## HOW TO COMPLETE THIS TASK
Once the images are set aside, output the listing exactly as it stands.

## RECORDED DATA
····················
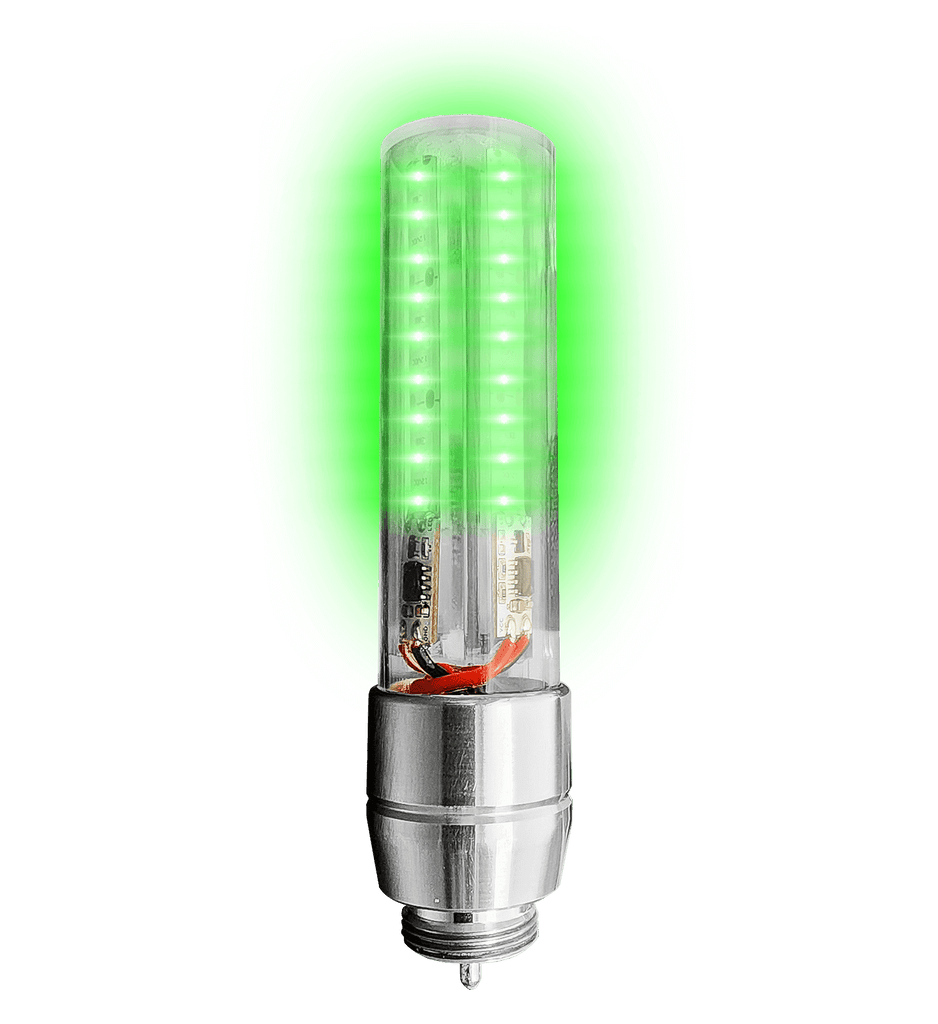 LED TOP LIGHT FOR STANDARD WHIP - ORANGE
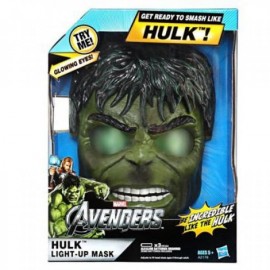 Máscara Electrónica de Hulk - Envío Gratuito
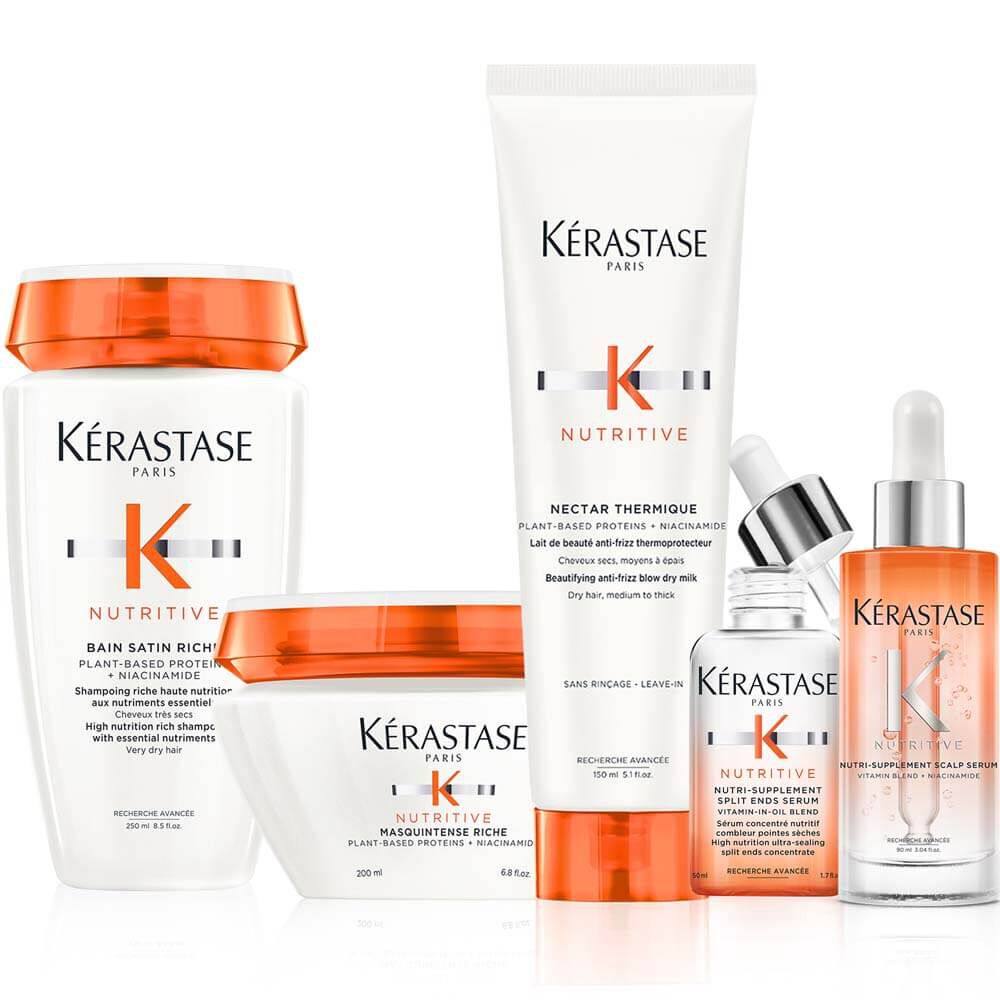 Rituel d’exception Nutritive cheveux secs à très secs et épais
····················
## OUTPUT BELOW
 LED TOP LIGHT FOR STANDARD WHIP - ORANGE
 Máscara Electrónica de Hulk - Envío Gratuito
 Rituel d’exception Nutritive cheveux secs à très secs et épais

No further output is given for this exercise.